Evaluation of Viral Respiratory Pathogens Among Patients Initially Tested Negative for SARS-CoV-2

authors:

avatar Mahdieh Khoshakhlagh ORCID 1 , avatar Arastoo Vojdani 2 , avatar Arian Amali 3 , avatar Samaneh Abolbashari 4 , avatar Aida Gholoobi ORCID 5 , 6 , avatar Zahra Meshkat ORCID 4 , *

Department of Biochemistry, Faculty of Medicine, Mashhad University of Medical Sciences, Mashhad, Iran
Department of Microbiology and Virology, Faculty of Medicine, Mashhad University of Medical Sciences, Mashhad, Iran
Student Research Committee, Department of Paramedical, Mashhad Branch, Islamic Azad University, Mashhad, Iran
Antimicrobial Resistance Research Center, Mashhad University of Medical Sciences, Mashhad, Iran
Metabolic Syndrome Research Center, Mashhad University of Medical Sciences, Mashhad, Iran
Medical Genetics Research Center, Mashhad University of Medical Sciences, Mashhad, Iran

How To Cite Khoshakhlagh M, Vojdani A, Amali A, Abolbashari S, Gholoobi A, et al. Evaluation of Viral Respiratory Pathogens Among Patients Initially Tested Negative for SARS-CoV-2. Jundishapur J Microbiol. 2023;16(7):e136617. https://doi.org/10.5812/jjm-136617.

Abstract

Background:

A number of ribonucleic acid (RNA) and deoxyribonucleic acid (DNA) viruses commonly circulating among vertebrates, such as influenza H1N1, respiratory syncytial virus (RSV), adenoviruses, and human coronavirus (HCoV)-229E, cause symptoms similar to severe acute respiratory syndrome coronavirus 2 (SARS-CoV-2). These viruses are important causes of cold, pneumonia, and shortness of breath in humans, which have been overlooked during the coronavirus disease 2019 (COVID-19) pandemic. Furthermore, the diagnosis of infection with these viruses mostly relies on physical examination and clinical history, despite the fact that accurate molecular diagnosis is available.

Objectives:

This study aimed to evaluate the presence of respiratory viruses in patients who were suspected to be infected with COVID-19 yet initially tested negative for SARS-CoV-2, as it could be beneficial in developing effective control measures and more reliable testing and surveillance of such viruses.

Methods:

In this study, laboratory samples of 123 patients referred to Ghaem Hospital of Mashhad, Iran, were evaluated that tested negative for SARS-CoV-2 in the initial assessment while showing the clinical symptoms of COVID-19. Initial testing for SARS-CoV-2 was carried out by the TaqMan real-time polymerase chain reaction (PCR) method using a kit approved by the Ministry of Health (Pishtaz Teb, Iran).

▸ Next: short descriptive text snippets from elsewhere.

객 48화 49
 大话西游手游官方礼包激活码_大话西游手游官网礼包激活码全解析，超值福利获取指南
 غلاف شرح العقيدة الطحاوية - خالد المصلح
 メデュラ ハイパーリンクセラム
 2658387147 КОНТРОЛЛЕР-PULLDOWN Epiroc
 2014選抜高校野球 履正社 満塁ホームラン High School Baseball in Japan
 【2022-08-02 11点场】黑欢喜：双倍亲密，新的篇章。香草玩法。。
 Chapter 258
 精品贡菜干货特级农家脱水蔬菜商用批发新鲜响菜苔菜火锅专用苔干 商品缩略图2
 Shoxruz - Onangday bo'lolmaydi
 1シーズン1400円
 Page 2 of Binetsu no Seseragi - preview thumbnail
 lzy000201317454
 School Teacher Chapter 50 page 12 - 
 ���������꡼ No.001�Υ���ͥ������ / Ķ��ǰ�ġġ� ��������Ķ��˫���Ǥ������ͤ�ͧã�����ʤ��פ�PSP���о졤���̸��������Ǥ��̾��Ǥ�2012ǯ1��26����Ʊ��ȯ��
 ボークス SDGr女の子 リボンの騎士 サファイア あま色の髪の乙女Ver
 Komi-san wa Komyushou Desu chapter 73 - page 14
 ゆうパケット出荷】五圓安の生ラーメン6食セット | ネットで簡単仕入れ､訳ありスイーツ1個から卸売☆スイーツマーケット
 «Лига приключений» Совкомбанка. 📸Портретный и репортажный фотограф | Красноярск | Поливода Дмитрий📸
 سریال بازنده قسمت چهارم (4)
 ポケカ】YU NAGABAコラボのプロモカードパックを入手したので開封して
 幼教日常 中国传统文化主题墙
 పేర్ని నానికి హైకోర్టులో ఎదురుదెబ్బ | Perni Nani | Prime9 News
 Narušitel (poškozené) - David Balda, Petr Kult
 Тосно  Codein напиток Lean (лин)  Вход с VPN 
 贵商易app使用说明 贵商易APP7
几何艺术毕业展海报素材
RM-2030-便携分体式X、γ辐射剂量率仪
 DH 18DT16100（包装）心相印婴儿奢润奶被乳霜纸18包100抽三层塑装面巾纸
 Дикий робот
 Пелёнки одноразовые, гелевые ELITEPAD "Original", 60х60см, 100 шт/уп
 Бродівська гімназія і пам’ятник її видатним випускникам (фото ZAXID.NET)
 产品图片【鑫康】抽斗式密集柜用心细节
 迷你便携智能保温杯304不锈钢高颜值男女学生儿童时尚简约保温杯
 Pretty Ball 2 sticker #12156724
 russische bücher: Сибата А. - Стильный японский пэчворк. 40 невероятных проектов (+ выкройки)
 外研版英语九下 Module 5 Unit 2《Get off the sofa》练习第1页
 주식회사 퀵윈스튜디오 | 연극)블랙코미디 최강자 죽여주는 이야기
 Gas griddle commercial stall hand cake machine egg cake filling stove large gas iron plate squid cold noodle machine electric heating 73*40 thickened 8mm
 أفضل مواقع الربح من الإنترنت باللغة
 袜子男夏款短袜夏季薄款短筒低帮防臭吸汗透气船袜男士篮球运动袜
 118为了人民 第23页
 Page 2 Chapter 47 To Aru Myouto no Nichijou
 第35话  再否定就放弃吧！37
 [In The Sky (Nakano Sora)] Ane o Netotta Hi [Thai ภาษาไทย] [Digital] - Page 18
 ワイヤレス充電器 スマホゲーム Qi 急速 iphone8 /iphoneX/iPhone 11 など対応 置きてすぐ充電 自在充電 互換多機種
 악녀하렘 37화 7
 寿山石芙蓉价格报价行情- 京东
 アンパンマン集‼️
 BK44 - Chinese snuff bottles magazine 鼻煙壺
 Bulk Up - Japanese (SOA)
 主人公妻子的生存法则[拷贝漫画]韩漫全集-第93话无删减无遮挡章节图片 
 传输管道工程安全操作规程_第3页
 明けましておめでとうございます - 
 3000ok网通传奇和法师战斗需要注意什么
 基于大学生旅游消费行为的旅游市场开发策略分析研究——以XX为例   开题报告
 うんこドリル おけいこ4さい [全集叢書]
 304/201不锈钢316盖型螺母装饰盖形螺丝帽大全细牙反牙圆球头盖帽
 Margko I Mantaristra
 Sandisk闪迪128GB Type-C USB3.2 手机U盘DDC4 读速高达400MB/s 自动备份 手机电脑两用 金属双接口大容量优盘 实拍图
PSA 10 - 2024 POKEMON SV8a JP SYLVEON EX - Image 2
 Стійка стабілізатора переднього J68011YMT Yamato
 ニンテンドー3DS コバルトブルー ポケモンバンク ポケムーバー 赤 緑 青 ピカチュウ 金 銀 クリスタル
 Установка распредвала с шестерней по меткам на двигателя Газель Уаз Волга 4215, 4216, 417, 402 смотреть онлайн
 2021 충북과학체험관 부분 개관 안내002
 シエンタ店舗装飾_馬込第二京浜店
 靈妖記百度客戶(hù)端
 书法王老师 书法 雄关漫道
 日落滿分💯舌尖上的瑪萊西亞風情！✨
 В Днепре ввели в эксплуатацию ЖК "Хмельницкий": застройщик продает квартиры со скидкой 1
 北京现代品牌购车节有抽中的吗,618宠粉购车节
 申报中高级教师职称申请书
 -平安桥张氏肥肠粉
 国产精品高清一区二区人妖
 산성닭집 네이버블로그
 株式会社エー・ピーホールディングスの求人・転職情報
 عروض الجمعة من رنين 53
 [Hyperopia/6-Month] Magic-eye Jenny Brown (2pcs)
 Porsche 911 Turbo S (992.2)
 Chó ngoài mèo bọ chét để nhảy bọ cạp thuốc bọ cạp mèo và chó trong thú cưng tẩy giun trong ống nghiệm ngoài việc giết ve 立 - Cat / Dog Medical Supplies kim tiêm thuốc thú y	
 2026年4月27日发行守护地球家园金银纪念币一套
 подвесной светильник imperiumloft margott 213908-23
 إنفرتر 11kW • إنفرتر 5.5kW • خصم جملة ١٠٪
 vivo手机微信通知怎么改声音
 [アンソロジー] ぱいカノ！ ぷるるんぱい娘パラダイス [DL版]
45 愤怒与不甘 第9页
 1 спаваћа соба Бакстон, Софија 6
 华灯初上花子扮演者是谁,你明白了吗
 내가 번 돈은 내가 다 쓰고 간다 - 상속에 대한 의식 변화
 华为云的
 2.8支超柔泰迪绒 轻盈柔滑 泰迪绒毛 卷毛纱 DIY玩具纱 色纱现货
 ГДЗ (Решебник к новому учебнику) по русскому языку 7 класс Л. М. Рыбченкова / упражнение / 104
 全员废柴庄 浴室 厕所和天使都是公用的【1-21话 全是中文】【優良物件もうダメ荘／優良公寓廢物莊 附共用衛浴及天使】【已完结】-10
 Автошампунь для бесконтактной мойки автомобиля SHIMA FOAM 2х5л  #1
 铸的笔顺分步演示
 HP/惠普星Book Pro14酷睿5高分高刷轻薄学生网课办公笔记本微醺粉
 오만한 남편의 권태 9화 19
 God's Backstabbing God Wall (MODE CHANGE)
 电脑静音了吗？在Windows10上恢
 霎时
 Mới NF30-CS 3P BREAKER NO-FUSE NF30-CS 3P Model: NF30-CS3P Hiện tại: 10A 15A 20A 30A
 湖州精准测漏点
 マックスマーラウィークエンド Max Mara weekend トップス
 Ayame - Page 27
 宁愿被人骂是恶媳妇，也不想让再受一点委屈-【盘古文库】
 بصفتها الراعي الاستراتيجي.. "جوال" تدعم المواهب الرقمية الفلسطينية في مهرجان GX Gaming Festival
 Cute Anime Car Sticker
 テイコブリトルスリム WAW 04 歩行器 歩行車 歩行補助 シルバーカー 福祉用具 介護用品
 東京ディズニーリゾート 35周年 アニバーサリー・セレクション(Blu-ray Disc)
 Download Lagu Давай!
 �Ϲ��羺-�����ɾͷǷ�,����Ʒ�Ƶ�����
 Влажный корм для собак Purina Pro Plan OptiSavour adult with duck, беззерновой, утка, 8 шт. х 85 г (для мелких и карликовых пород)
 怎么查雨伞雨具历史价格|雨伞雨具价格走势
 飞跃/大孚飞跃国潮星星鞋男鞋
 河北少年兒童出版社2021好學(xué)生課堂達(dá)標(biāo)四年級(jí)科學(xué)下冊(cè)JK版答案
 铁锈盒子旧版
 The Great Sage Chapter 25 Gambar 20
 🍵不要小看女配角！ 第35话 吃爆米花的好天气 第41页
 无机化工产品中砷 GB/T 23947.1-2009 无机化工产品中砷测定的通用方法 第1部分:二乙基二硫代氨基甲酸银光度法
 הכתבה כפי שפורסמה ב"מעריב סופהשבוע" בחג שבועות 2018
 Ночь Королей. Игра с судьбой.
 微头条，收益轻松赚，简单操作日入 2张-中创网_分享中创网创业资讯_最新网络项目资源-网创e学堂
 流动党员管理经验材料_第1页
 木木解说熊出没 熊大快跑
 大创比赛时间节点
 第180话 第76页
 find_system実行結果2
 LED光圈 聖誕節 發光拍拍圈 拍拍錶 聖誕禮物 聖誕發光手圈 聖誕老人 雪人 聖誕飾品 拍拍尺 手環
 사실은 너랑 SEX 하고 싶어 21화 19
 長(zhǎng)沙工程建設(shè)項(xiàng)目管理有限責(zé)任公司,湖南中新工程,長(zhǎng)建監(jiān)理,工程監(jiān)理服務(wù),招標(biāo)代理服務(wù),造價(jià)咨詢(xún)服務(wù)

Further analysis for the presence of 17 respiratory viruses was carried out using Genova kits based on the virus genome conserved sequences of influenza H1N1, influenza B, influenza A, SARS-CoV-2, HCoV-HKU1, HCoV-OC43, HCoV-NL63, HCoV-229E, metapneumovirus, RSV, human bocavirus 1, 2, 3, parainfluenza 1, 2, 3, and adenovirus.

Results:

According to the results of the present evaluations, out of 123 samples that were acquired using nasal and throat swabs and that initially tested negative for SARS-CoV-2, 8 cases of influenza A (47.1%), 1 case of parainfluenza (5.9%), 1 case of HKU1/OC-43 (5.9%), 4 cases of RSV (23.5%), 1 case of HCoV-NL63/HCoV-229-E (5.9%), and 2 cases of SARS-CoV-2 (11.8%) were detected.

Conclusions:

Based on the results of real-time PCR tests obtained from patients who had clinical symptoms of SARS-CoV-2 infections, it can be mentioned that due to the similar symptoms of patients with respiratory viral infections, individuals with respiratory symptoms could be examined for other viral infections in addition to SARS-CoV-2 infection, and a suitable basis for their prevalence in the community could be provided.

1. Background

Coronavirus disease 2019 (COVID-19) is caused by severe acute respiratory syndrome coronavirus 2 (SARS‑CoV-2), a positive-sense single-stranded ribonucleic acid (RNA) virus belonging to the Betacoronavirus genus (1). The outbreak of COVID-19 occurred in Wuhan city of China, in December 2019; within 3 months, it was declared a pandemic that became a considerable public health burden on a global scale (2). As of November 2022, more than 628 million confirmed cases of COVID-19 and over 6.5 million deaths have been reported to the World Health Organization (WHO) (3). In Iran, around 7.5 million cases and 144 thousand deaths have been observed (4). Coronavirus disease 2019 causes a wide array of symptoms that might appear 2 to 14 days after exposure to SARS‑CoV‑2 (5), which span from mild to severe symptoms, including shortness of breath, fever, diarrhea, headache, dry cough, congestion or runny nose, sore throat, fatigue, loss of taste or smell, nausea and/or vomiting, and muscle or body aches (6, 7); however, about a third of infected individuals do not show specific symptoms (8).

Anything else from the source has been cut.